Here are some cooking utensils:
- "Ashet" - this is a large oval, shallow dish used for serving food. The word comes from the French "assiette" meaning plate.
- "Bannock stane" - a flat stoneplaced in the fire and on which bannocks (oatcakes) were cooked.
- "Cutty spoon" - a short handled spoon ("cutty" means short as in "cutty sark" or short shirt), often made of horn. A "gebbie" is also a horn spoon - which has become a surname too in Scotland.
- "Froh stick" - a whisk which is made out of a wooden stick and cow's hair.

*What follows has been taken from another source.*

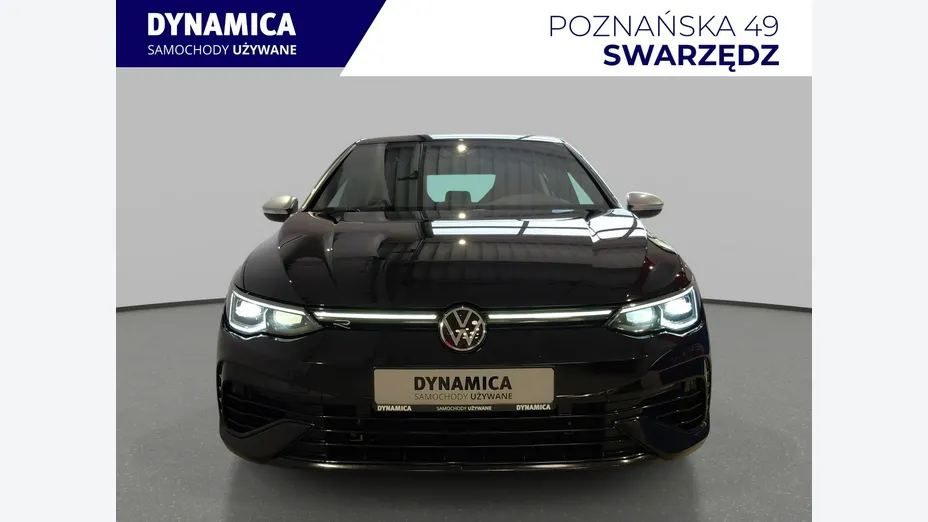 VOLKSWAGEN Golf -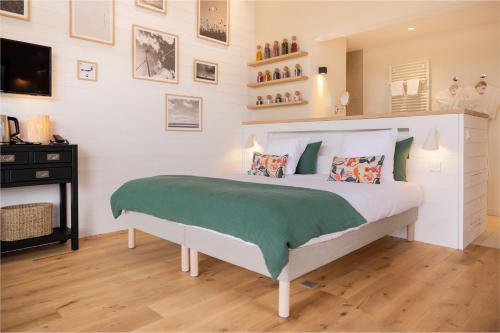 One Bedroom Suite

- "Gallows" - an apparatus for suspending the pot over an open fire. Quite appropriate, really!
- "Jeelie pan" - the large pan (often made of brass) in which "jeelie" (jelly) or jam is made.
- "Luggie" - since "lug" is the Scots word for an ear, a luggie was used to describe a wooden bowl which had handles at each side.
- "Pottinger" - a bowl for soup or porridge. There is also a surname "Pottinger".
- "Quaich" - pronounced "qwaich" this is a shallow drinking cup with two handles or ears at each side. Nowadays, they are mainly ornamental or used as a presentation or a prize.
- "Spurtle" - a short stick for stirring porridge or a long-handled implement with a flat blade used for turning oatcakes on the "girdle" (a round, thick iron plate on which oatcakes, scones and pancakes were cooked over the fire.
- "Tattie champer" - a utensil for mashing (champing) potatoes (tatties).
Here are some words related to bread and oatcakes:
- "Bannock" - a round, flat cake made from oatmeal or barley meal which has been baked on a "girdle" or flat iron plate, over the fire. A "Selkirk bannock" however, is a rich fruit loaf which originated in the Border town of Selkirk.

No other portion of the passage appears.